## Record excerpts
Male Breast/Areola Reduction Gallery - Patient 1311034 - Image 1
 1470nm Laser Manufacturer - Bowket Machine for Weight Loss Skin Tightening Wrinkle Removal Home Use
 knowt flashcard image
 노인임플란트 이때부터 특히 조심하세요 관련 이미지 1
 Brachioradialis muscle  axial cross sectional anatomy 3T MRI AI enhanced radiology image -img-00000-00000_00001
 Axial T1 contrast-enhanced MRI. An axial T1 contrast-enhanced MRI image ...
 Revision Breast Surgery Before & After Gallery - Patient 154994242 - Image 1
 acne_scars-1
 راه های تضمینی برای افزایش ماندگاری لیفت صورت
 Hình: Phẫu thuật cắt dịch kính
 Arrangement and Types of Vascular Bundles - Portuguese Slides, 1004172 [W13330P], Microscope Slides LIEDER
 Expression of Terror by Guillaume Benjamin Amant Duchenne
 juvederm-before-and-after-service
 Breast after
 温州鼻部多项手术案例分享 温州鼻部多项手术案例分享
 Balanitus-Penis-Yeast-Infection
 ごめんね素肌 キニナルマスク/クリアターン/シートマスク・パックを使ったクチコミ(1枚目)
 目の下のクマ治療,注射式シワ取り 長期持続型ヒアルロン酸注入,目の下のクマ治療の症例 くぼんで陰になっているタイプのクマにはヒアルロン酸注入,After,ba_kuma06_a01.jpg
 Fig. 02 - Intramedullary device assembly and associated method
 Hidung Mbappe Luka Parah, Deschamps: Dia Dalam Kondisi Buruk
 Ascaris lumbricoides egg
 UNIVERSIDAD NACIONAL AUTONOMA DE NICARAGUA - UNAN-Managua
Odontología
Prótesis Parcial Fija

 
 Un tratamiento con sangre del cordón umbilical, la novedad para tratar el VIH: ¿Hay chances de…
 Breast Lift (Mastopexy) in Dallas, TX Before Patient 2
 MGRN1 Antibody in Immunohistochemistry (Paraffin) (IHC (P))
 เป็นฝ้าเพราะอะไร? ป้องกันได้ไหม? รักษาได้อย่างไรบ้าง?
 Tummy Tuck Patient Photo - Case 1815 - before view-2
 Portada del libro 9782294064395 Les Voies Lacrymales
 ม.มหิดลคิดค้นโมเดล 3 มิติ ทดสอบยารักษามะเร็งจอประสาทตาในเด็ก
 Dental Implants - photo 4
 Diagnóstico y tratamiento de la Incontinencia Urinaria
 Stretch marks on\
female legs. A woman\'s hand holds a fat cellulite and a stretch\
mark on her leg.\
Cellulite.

## Task description
Output, unchanged, the lines of the listing above from the first one through the one holding "Expression of Terror". Leave out every line after it.

## Solution for this task
Male Breast/Areola Reduction Gallery - Patient 1311034 - Image 1
 1470nm Laser Manufacturer - Bowket Machine for Weight Loss Skin Tightening Wrinkle Removal Home Use
 knowt flashcard image
 노인임플란트 이때부터 특히 조심하세요 관련 이미지 1
 Brachioradialis muscle  axial cross sectional anatomy 3T MRI AI enhanced radiology image -img-00000-00000_00001
 Axial T1 contrast-enhanced MRI. An axial T1 contrast-enhanced MRI image ...
 Revision Breast Surgery Before & After Gallery - Patient 154994242 - Image 1
 acne_scars-1
 راه های تضمینی برای افزایش ماندگاری لیفت صورت
 Hình: Phẫu thuật cắt dịch kính
 Arrangement and Types of Vascular Bundles - Portuguese Slides, 1004172 [W13330P], Microscope Slides LIEDER
 Expression of Terror by Guillaume Benjamin Amant Duchenne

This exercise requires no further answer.